## GIVEN MATERIAL
--------

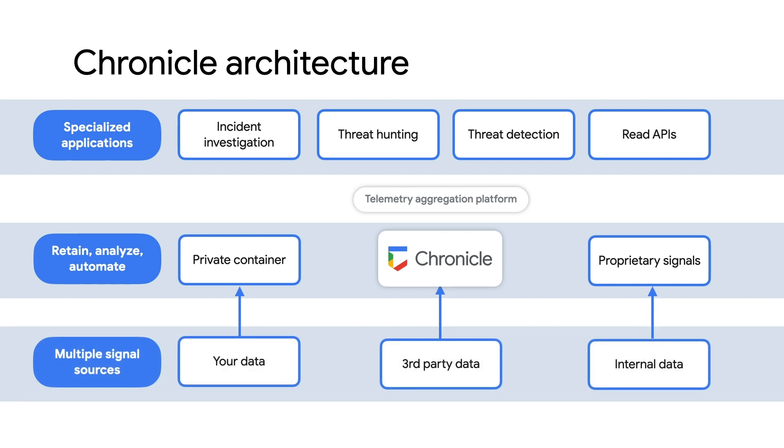Finally, that data is exposed via our investigation, hunting, and detection capabilities, as well as to other security products via APIs. In addition to your data, stored privately in its own encrypted instance, we can bring in third-party signals and curated internal data to enhance your ability to detect and respond to threats quickly.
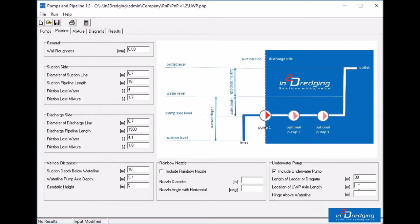In this case, the underwater pump is located at 2 thirds on the lower side of the cutter ladder. The last value to enter is the hinge above the water line, which in this case is 1 meter.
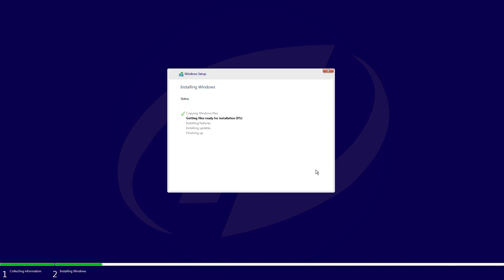You will see two options to choose from: the first will be the Windows you just installed and the second will be your old Windows. Once you see these two options, you'll know that the dual boot was successful.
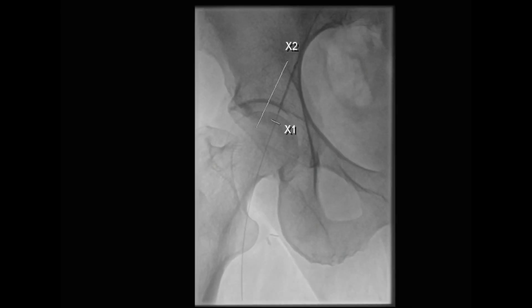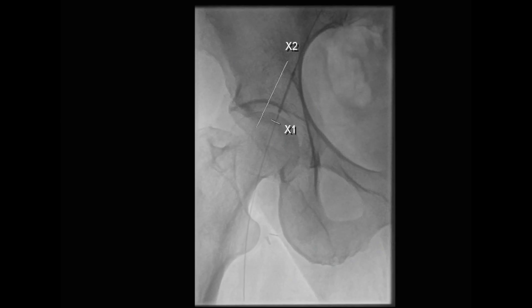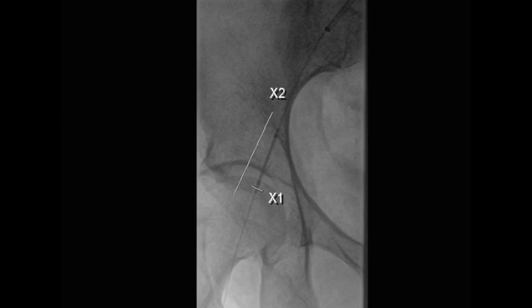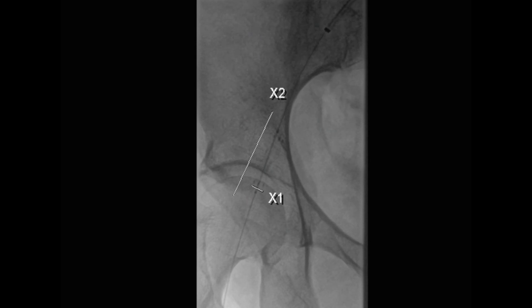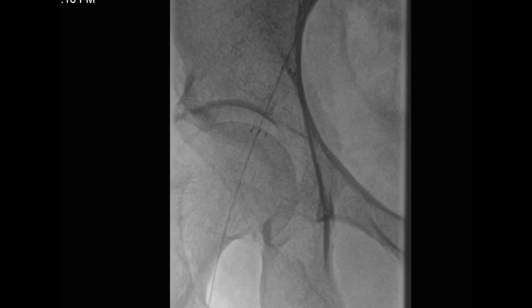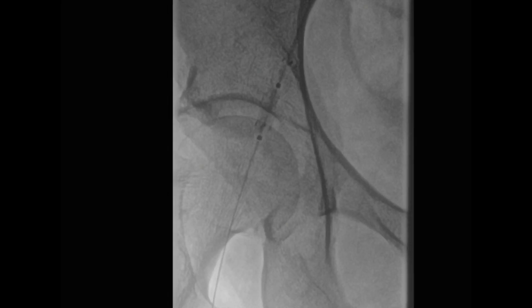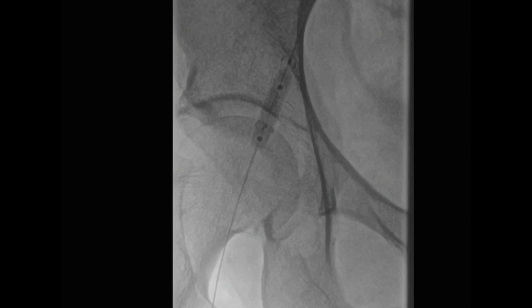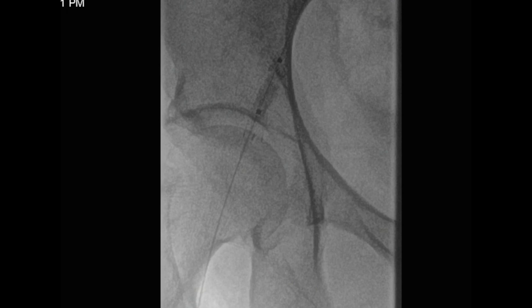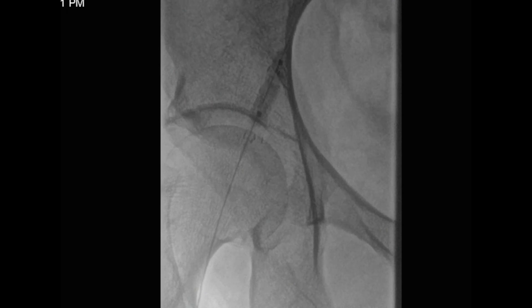We then brought in a 6 by 2.5 centimeter self-expanding Viabahn stent graft. This stenosis resulted from an external iliac artery dissection. The stent was then deployed as demonstrated here. We then brought in a 6 millimeter balloon and post-dilated this stent, resulting in good apposition of the stent graft to the wall of the artery.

--------

Exactly reproduce the run of lines from the start of the listing through the line with "You will see", inclusive; pictures are not copied.

## THE ANSWER
Finally, that data is exposed via our investigation, hunting, and detection capabilities, as well as to other security products via APIs. In addition to your data, stored privately in its own encrypted instance, we can bring in third-party signals and curated internal data to enhance your ability to detect and respond to threats quickly.
In this case, the underwater pump is located at 2 thirds on the lower side of the cutter ladder. The last value to enter is the hinge above the water line, which in this case is 1 meter.
You will see two options to choose from: the first will be the Windows you just installed and the second will be your old Windows. Once you see these two options, you'll know that the dual boot was successful.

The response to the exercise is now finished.